The Wordle of a smear
by Steve Timmer
Mar 6, 2019, 9:30 PM

The giant freakout continues, unabated, part three

Recall that in part two of this series, I described a law, passed in Minnesota in 2017, that requires a contractor to the State of Minnesota – large or small, individual or organization – to pledge not engage in any boycott, divestment, or sanctions (BDS) activity against the State of Israel over its treatment of Palestinians. (You can read part one here, as well.) As also noted in part two, similar laws have sprung up around the country; the ACLU has started a lawsuit on behalf of a Texas plaintiff to have that state’s anti-BDS law declared unconstitutional as a violation of free speech guaranties.

Proponents tried last year to get a bill through Congress that would have made BDS activity a felony, punishable by fine and imprisonment. The Senate has passed a contractor prohibitions bill this session.

You have to ask yourself: Where did the idea for all these laws in the states come from? Did legislators in 26 separate states just wake up one morning and decide that what their state really needed was a law to protect Israel and it land-grabbing and apartheid practices from scrutiny or adverse consequences? And pick the same way to do it?

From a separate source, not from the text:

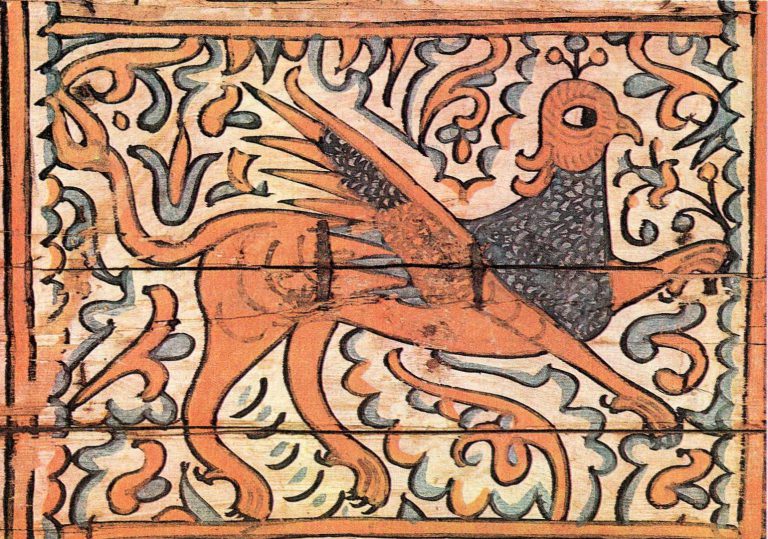 Грифон. Роспись коробьи. <br/>17 век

I submit that is unlikely. Well, then, how? You know how. The Israeli lobby, in one form or another, of course.

As a result of the law passed by the Legislature in 2017, our state government is taking citizens’ tax dollars and spending or withholding them, not in the most efficient manner, but to regulate the speech of American citizens on behalf of a foreign ethno-state.

This should bother you; it bothers me.

The first two stories in the series were in response to the outrage about an Ilhan Omar tweet about the influence of the Israeli lobby on US policy, an undeniable truth. Now, some people are complaining that Rep. Omar is accusing Jews of having “dual loyalties.”

This is a venomous misstatement of what Rep. Omar said; I agree with the opinion writer Paul Waldman about this.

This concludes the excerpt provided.